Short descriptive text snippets
----------------------------------------

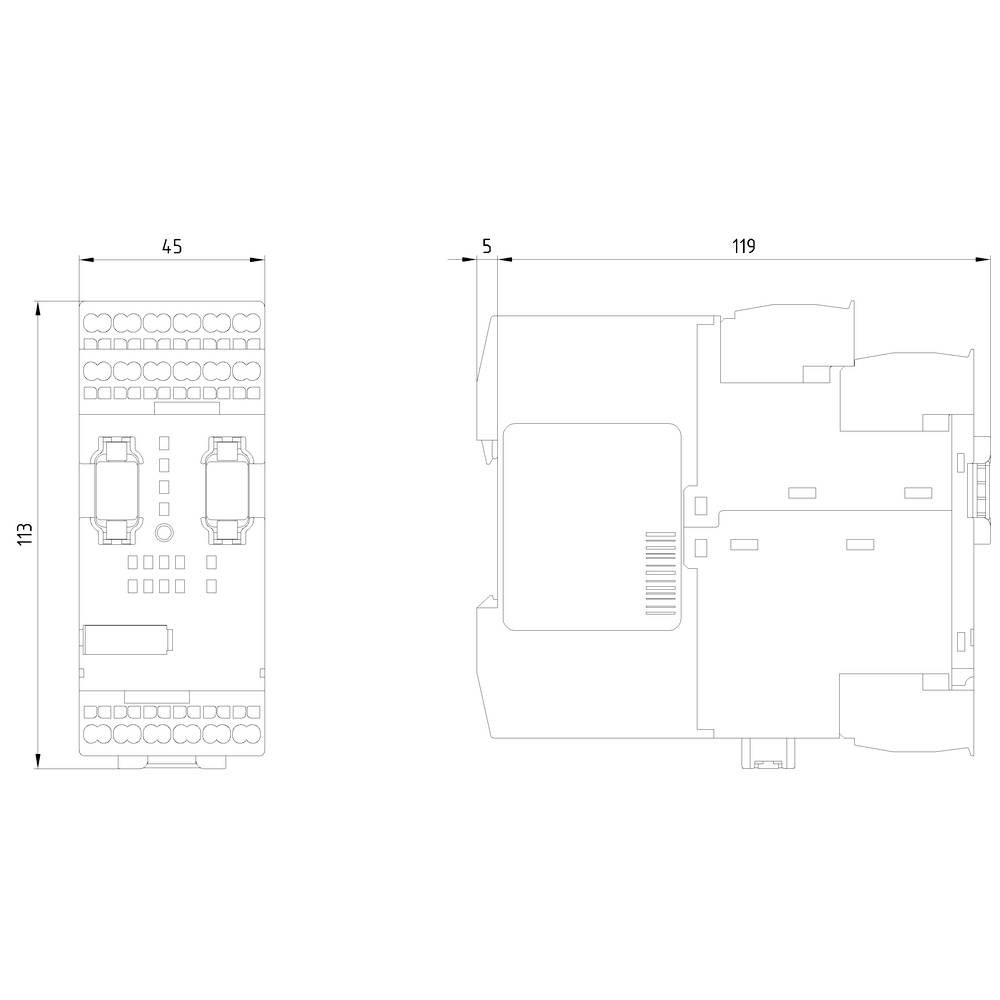 Der Schaltplan zeigt die Abmessungen eines elektronischen Bauteils: 113 mm x 45 mm von vorne und 119 mm x 5 mm von der Seite.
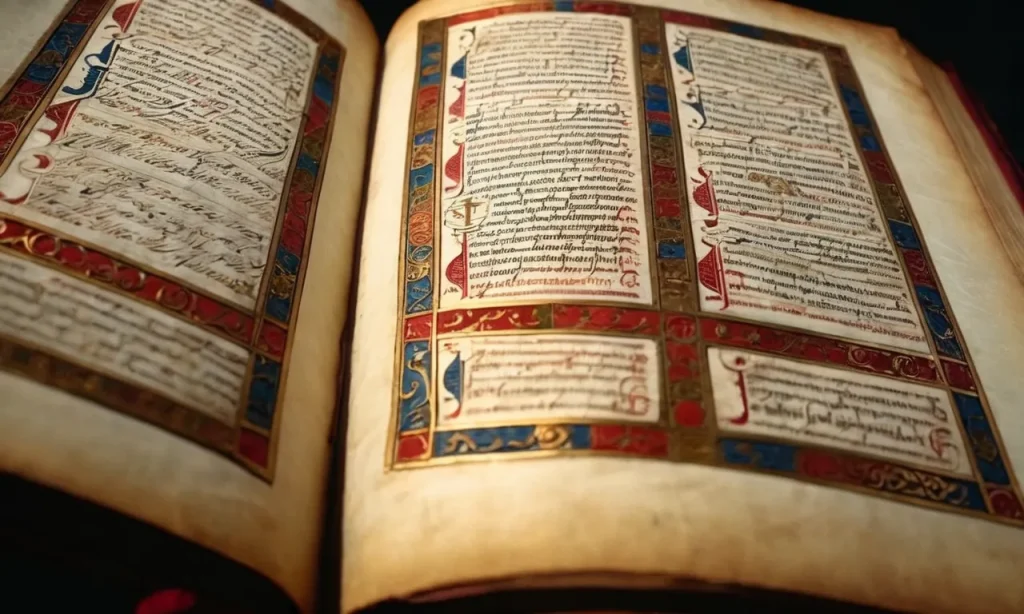 A close-up shot of ancient manuscripts, illuminated with vibrant colors and intricate calligraphy, depicting various versions of the Bible predating the King James translation.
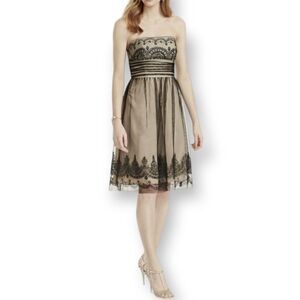 DAVID'S BRIDAL BLACK & NUDE STRAPLESS TULLE DRESS W/CAVIAR BEADING SZ.2 EUC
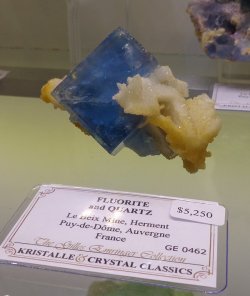 mineralists:  Bright blue Fluorite on Drusy QuartzLe Beix Mine, France
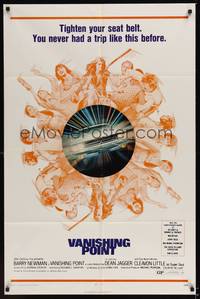 2h938 VANISHING POINT 1sh '71 car chase cult classic, you never had a trip like this before!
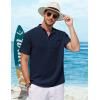 imageCOOFANDY Henley Shirts for Men Short Sleeve Band Collar Casual Shirt Summer Hippie Vacation Beach T Shirts with PocketNavy Blue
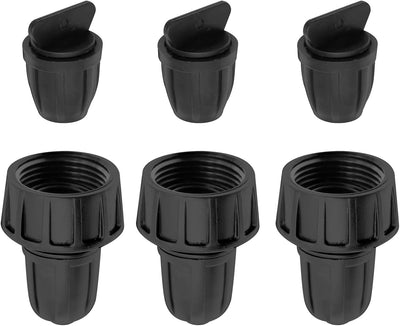 6 Accesorios Tubo Riego 5/16pulg Adaptadores y Tapones Roscados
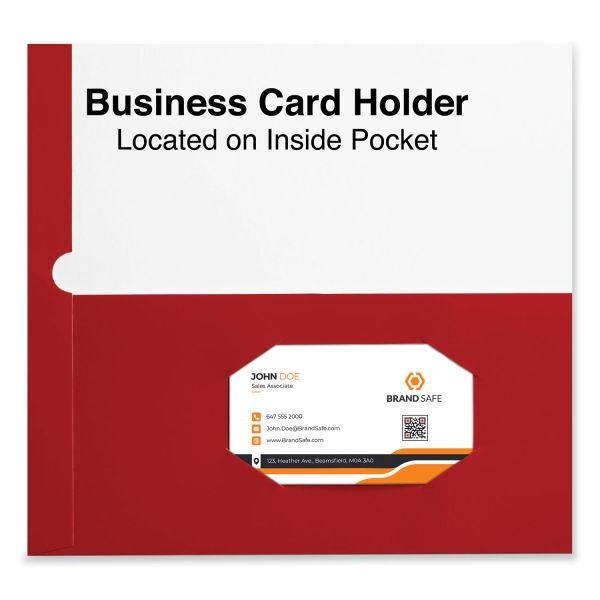 Universal Laminated Two-Pocket Folder, Cardboard Paper, 100-Sheet Capacity, 11 X 8.5, Red, 25/Box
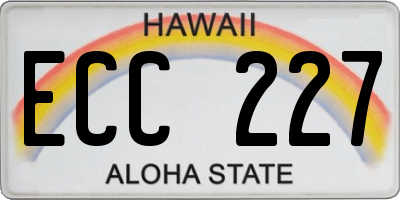 HI license plate ECC227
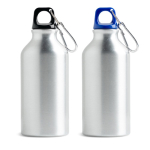 Fles van gerecycled aluminium met gekleurde dop en karabijnhaak 400ml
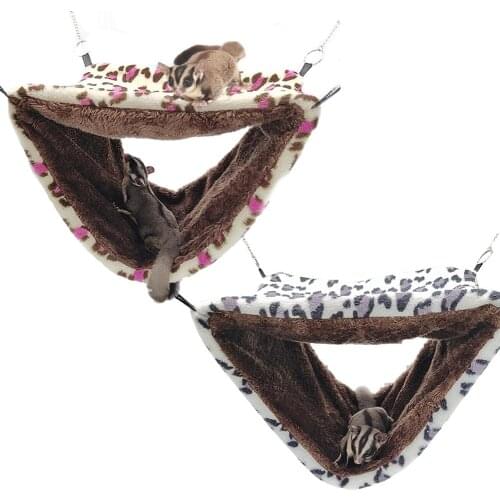 Hamster Hammock Cotton Nest Double Layer Breathable Mesh Hanging Bed Nest for Chinchillas Ferrets Small Pet Cage Accessories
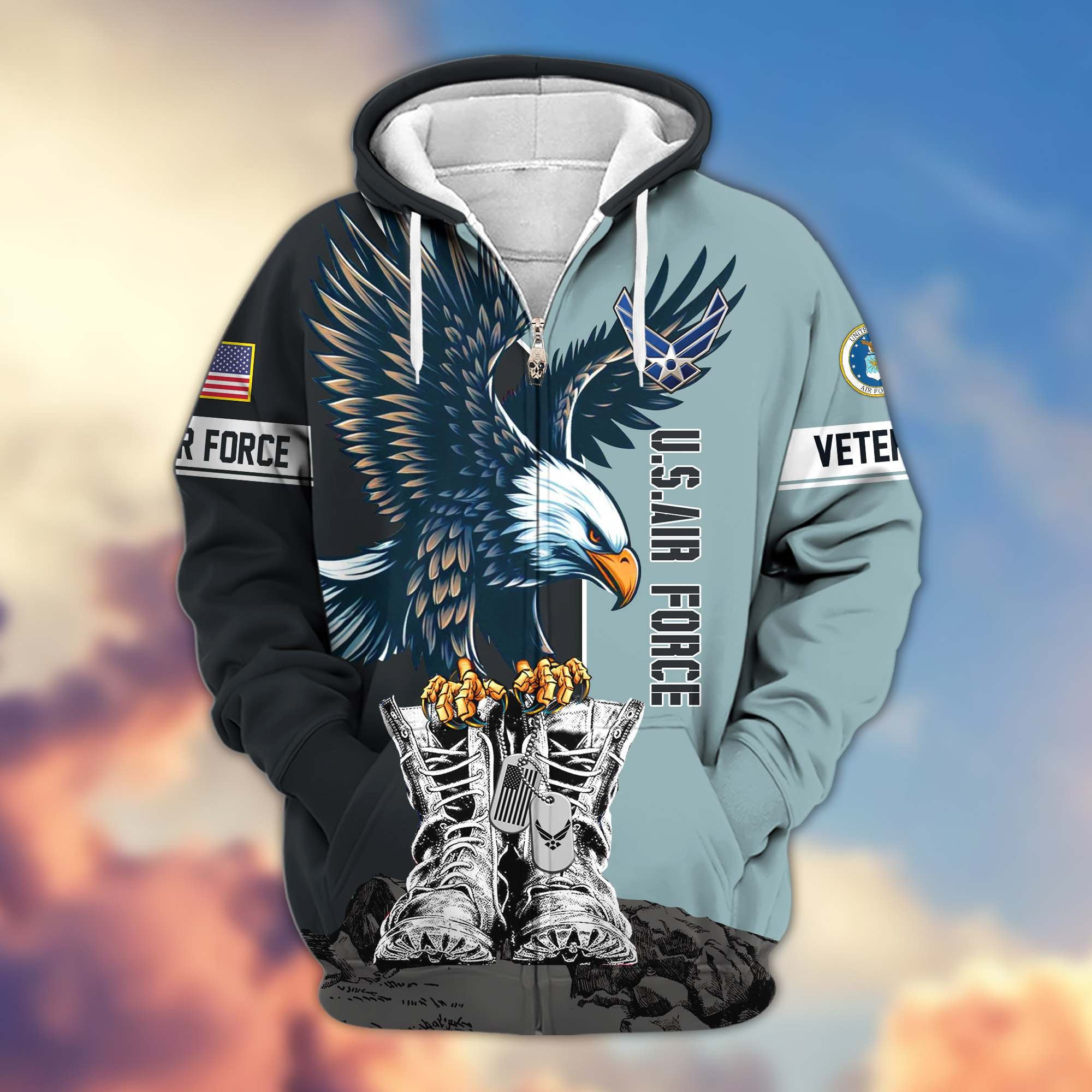 Premium US Veterans Zip Hoodie, Gifts For US Veterans, Gifts For Dad, Gifts On Armed Force Day, Independence Day, Veterans Day.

----------------------------------------

▶ [Work task] Please set down exactly the lines from the one holding "HI license plate ECC227" through the last line of the entries, both ends included, and skip pictures.

▶ [Result of this task]
 HI license plate ECC227
 Fles van gerecycled aluminium met gekleurde dop en karabijnhaak 400ml
 Hamster Hammock Cotton Nest Double Layer Breathable Mesh Hanging Bed Nest for Chinchillas Ferrets Small Pet Cage Accessories
 Premium US Veterans Zip Hoodie, Gifts For US Veterans, Gifts For Dad, Gifts On Armed Force Day, Independence Day, Veterans Day.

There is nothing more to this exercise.